In addition, various resin listed by the item of <resin> can be used as resin.
Moreover, as the insulation filler A, various insulation fillers listed in the item of <insulation filler> can be used. Here, the volume average particle diameter of the insulating filler A is not particularly limited, and may be, for example, 0.1 μm or more and 1000 μm or less. In addition, it is preferable that the volume average particle diameter of the insulation filler A is 10 micrometers or more and 500 micrometers or less from a viewpoint of improving the heat conductivity of a heat conductive sheet. The insulating filler A may be crushed together with the resin and contained in the heat conductive sheet in a reduced diameter state. Of course, depending on the pressure resistance and shear resistance of the material employed as the insulating filler A, it may be contained in the heat conductive sheet in the same size and shape as the material stage without reducing the diameter.
In addition, the volume average particle diameter of the insulating filler A can be measured according to the method described in the example using a laser diffraction / scattering type particle size distribution measuring apparatus (manufactured by Horiba, type "LA-960"). .

[Sheet material preparation process]
In the sheet material preparation step, a sheet material is prepared by mixing a composition containing a resin (hereinafter also referred to as "composition (I)") and an insulating filler B having a volume average particle diameter of 133 μm or more. Here, “mixing” means mixing predetermined insulating filler B and composition (I) under non-shearing conditions. "Mixing" in this step means an operation different from "grinding", "kneading", etc. in the above preparation step, for example, insulation filler B and the composition in a non-shearing manner such as "shake" It refers to mixing with (I). In this "mixing", unlike "crushing" and "kneading" in the above preparation step, a strong shear force is not generated, so that the volume average particle size of the insulating filler B largely changes through before and after "mixing". There is no In addition, "the volume average particle diameter of the insulation filler B changes a lot" means that the volume average particle diameter after mixing is less than 30%, for example, assuming that the volume average particle diameter of the insulation filler B before mixing is 100%. It means that.
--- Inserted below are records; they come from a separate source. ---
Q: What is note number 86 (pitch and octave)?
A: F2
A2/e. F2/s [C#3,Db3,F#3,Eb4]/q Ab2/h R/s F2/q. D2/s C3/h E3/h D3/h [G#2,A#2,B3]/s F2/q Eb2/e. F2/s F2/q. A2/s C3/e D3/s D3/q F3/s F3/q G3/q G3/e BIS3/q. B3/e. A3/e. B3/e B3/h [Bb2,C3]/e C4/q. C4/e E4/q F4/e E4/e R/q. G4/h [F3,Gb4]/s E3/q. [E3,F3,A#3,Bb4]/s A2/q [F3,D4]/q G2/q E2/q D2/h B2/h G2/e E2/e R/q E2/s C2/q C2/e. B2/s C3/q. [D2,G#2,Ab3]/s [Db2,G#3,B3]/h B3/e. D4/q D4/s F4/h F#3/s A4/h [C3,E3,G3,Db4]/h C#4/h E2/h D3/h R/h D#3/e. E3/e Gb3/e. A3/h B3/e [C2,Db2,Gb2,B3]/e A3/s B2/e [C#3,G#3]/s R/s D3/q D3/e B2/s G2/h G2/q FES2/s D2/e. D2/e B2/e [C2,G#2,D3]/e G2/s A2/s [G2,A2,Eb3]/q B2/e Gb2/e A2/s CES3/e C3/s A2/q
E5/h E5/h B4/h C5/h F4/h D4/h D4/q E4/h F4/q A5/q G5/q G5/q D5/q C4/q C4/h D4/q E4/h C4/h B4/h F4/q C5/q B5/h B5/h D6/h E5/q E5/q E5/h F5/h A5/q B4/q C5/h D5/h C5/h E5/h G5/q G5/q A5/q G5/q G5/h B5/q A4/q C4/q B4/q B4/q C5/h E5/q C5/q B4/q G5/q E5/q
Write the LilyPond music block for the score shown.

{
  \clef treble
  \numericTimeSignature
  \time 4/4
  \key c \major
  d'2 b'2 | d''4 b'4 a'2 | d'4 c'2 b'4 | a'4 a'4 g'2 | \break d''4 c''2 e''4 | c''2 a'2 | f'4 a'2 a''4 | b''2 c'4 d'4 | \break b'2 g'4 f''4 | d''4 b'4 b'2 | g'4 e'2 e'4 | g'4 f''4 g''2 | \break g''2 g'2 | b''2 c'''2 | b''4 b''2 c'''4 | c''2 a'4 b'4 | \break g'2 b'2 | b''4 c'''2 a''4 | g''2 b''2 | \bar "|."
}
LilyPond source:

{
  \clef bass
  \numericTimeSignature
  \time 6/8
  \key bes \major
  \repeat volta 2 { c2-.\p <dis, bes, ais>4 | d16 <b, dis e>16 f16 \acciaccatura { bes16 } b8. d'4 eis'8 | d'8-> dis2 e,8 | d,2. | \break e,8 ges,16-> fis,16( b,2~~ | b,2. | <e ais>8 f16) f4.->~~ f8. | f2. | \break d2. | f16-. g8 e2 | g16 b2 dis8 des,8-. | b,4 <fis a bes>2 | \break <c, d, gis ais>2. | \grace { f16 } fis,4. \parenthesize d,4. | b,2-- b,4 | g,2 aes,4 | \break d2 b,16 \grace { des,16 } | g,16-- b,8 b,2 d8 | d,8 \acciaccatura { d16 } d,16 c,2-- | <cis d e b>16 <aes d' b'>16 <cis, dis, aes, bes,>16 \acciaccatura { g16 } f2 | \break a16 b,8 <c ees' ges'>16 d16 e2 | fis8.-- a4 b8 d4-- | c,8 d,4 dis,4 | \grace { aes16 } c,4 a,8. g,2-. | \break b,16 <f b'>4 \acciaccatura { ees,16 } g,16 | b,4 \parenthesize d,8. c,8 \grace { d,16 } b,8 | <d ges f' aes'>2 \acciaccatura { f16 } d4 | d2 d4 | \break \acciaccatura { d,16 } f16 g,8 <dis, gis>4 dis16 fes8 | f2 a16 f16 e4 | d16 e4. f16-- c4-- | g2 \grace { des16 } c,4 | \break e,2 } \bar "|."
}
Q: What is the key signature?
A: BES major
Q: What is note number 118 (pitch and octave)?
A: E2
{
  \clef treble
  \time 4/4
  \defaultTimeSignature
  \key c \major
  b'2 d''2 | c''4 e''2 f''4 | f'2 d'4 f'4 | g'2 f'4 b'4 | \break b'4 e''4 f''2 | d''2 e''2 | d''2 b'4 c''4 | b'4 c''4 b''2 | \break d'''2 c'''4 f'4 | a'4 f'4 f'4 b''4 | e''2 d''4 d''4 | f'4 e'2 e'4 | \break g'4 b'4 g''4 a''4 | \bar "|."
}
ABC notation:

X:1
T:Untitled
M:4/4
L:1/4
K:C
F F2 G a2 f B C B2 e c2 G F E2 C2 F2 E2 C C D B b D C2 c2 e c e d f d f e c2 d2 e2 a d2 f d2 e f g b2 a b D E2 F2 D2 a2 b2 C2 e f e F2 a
  The insulating filler B is not particularly limited as long as the volume average particle diameter is 133 μm or more, and various insulating fillers listed in the item of <insulating filler> can be used. Here, the volume average particle diameter of the insulating filler B is preferably 150 μm or more, more preferably 300 μm or more, preferably 1000 μm or less, and more preferably 900 μm or less. If the volume average particle diameter of the insulating filler B is equal to or more than the above lower limit value, the insulation reliability of the heat conductive sheet can be enhanced. Moreover, if the volume average particle diameter of the insulation filler B is below the said upper limit, the heat conductivity of a heat conductive sheet can be improved. In addition, the insulation filler B may be contained in a heat conductive sheet in the state which diameter-reduced slightly by receiving to the influence of pressurization etc. in a subsequent process. Of course, depending on the pressure resistance and shear resistance of the material employed as the insulating filler B, it may be contained in the heat conductive sheet in the same size and shape as the material stage without reducing the diameter or the like.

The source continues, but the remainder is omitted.